A caminhada do Alviverde começou em Campinas, com uma derrota de 3 a 1 para o Vasco da Gama. Depois, os comandados de Carlos Alberto Silva iniciaram uma sequência positiva de oito jogos sem derrota: venceu Bahia (2 a 1), CSA (2 a 0), Confiança (5 a 0), a Ponte Preta no Dérbi (2 a 1, com dois gols de Careca) e Itabuna (7 a 0) e empatou com Vitória (0 a 0), CRB (1 a 1) e Sergipe (0 a 0). Voltou a perder na penúltima rodada da fase, ao sucumbir diante do Volta Redonda por 2 a 0. Na última rodada, arrancou um empate com o Botafogo no Rio de Janeiro e garantiu a quinta colocação do Grupo D com 16 pontos. Àquela época, vitória por, no máximo, dois gols de diferença valia dois pontos, vitória por três ou mais gols de diferença valia três pontos e empate valia um ponto.

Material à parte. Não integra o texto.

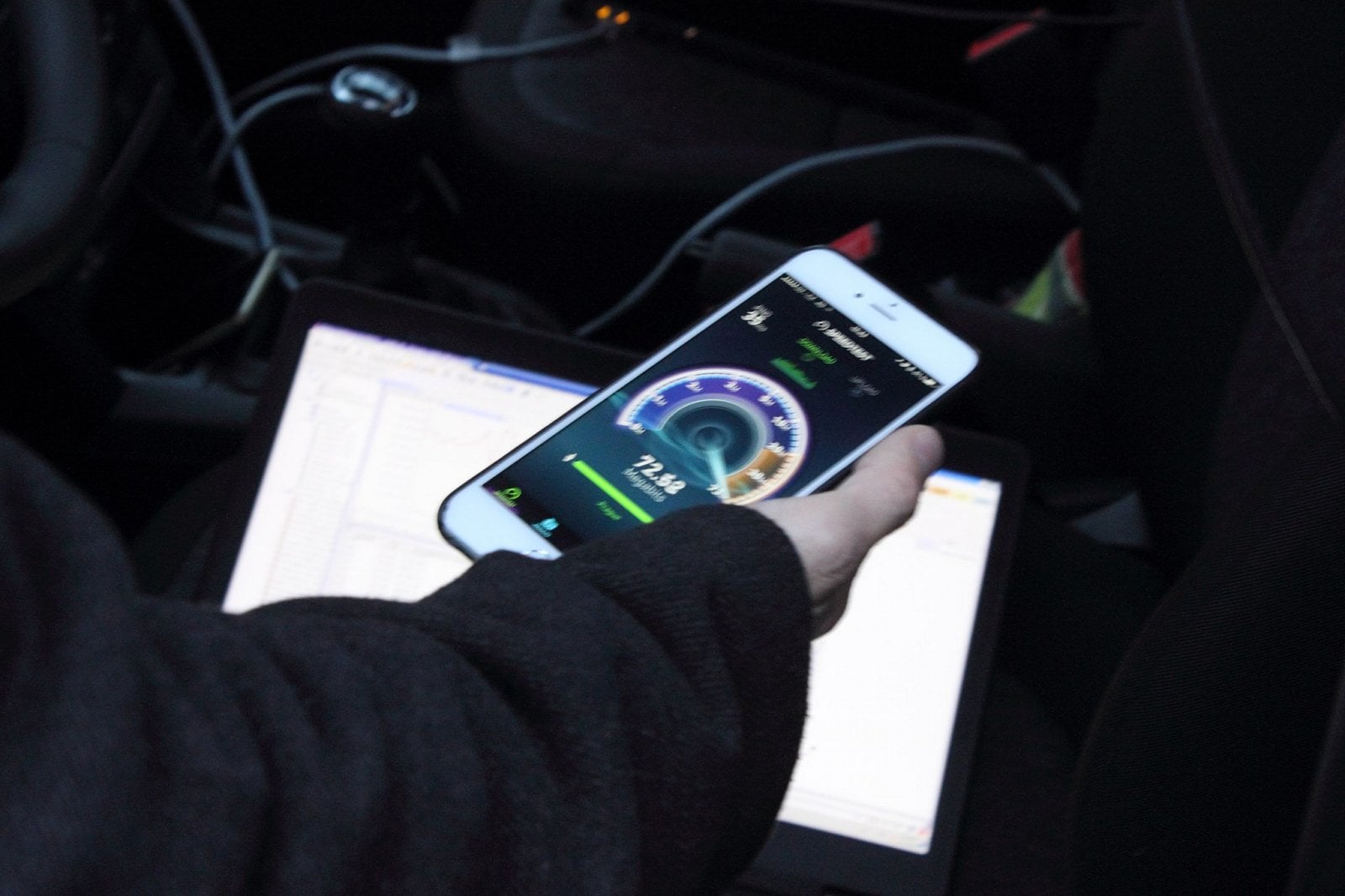 Testovací 4,5G provoz běží na základnových stanicích, které zároveň odbavují uživatele na klasickém LTE. Podle Pezinka je na nich v průměru v jedné chvíli připojeno 120 zákazníků používajících data. Kapacita by tu tedy byla.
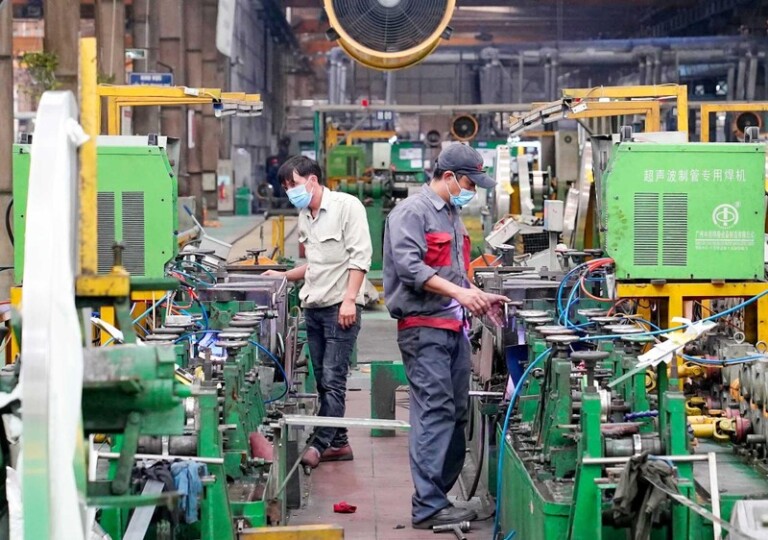 Dây chuyền sản xuất ống inox tại Công ty cổ phần quốc tế Sơn Hà, Khu công nghiệp Phùng, Hà Nội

Na segunda fase, o Guarani ficou no Grupo J. Nesse estágio, passaram para a terceira fase os seis primeiros colocados dos quatro grupos mais o melhor sétimo colocado. Todas as chaves tinham nove integrantes. A campanha do Bugre foi irregular, mas o suficiente para se classificar: ficou em quarto, com 11 pontos. Começou empatando com o São Paulo em casa (1 a 1) e conquistou a primeira vitória sobre o Brasília: 3 a 0 na capital federal. Na terceira rodada veio o maior baque, uma derrota de 5 a 1 para o Remo em Belém do Pará. A Portuguesa foi o outro time a derrotar os campineiros: 2 a 0. Vieram outras duas vitórias, contra Caxias (3 a 0) e Villa Nova (2 a 0), e dois empates, frente ao Vasco (2 a 2) e ao Coritiba (0 a 0).

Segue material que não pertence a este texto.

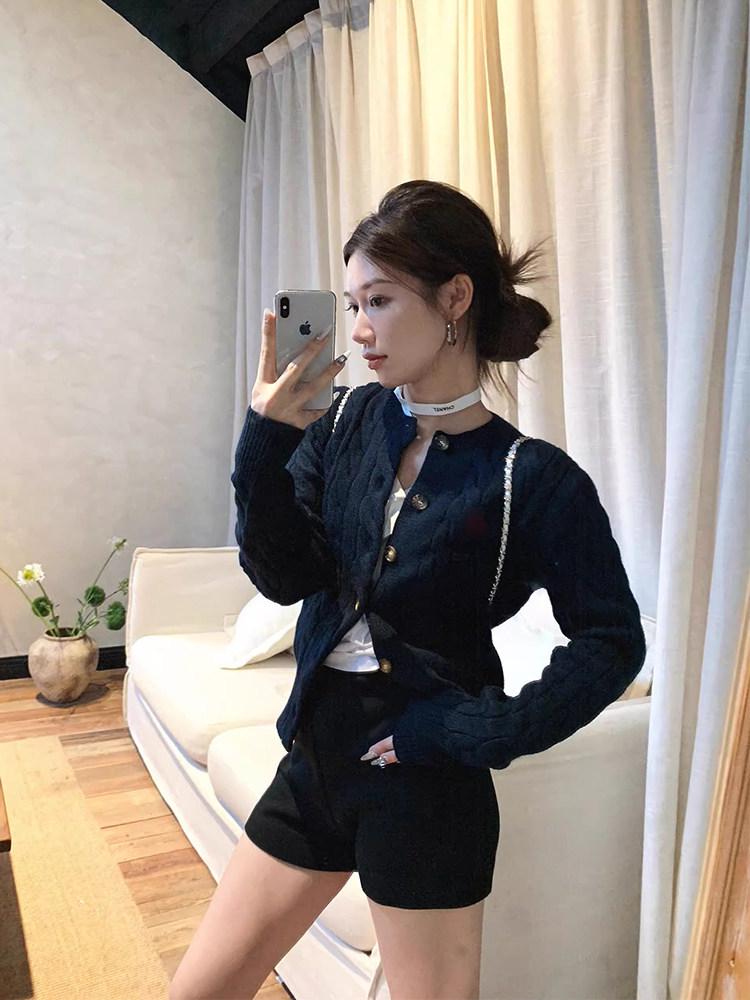 Korean Style Embroidered Pony Logo Knit Cardigan, Versatile Autumn Winter Round Neck Cable Sweater for Women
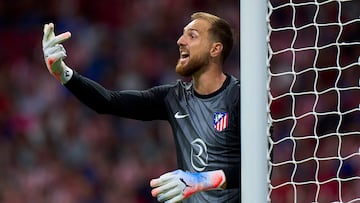 El portero esloveno lleva hasta el momento doce temporadas bajo los palos del Atlético de Madrid (2014-actualidad). En los 500 encuentros como rojiblanco ha permanecido imbatido 226 partidos y ha visto 12 tarjetas amarillas. Cuenta con una Supercopa de Europa, una Liga, una Europa League y una Supercopa de España.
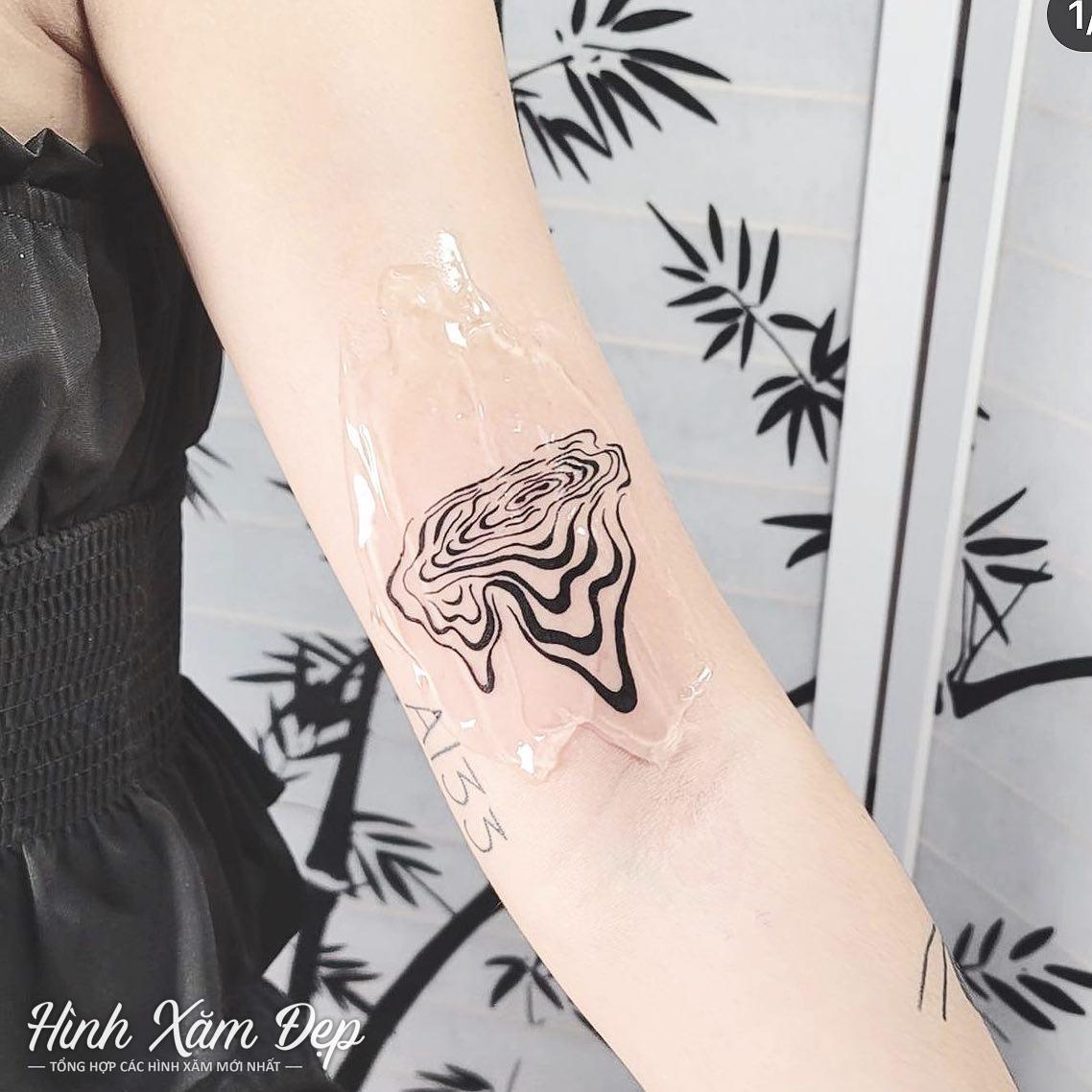 Hình xăm sơn chảy mini bắp tay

O terceiro estágio culminou em quatro grupos com oito clubes cada – ainda em turno único. Os líderes e vice-líderes de cada chave garantiram um lugar nas quartas de final. Foi aí que começou a fase “EMPOLGOU” do Guarani. Com seis vitórias e um empate, a equipe ficou em primeiro lugar no Grupo Q e manteve vivo o sonho do título. A única igualdade em gols veio diante do Goiás: 1 a 1 no Serra Dourada. Os triunfos alternaram entre lampejos (3 a 0 sobre Internacional e Goytacaz) e vitórias suadas (1 a 0 sobre Botafogo-PB, Botafogo-SP e Londrina e 2 a 1 contra o Santos). No total, 15 pontos somados.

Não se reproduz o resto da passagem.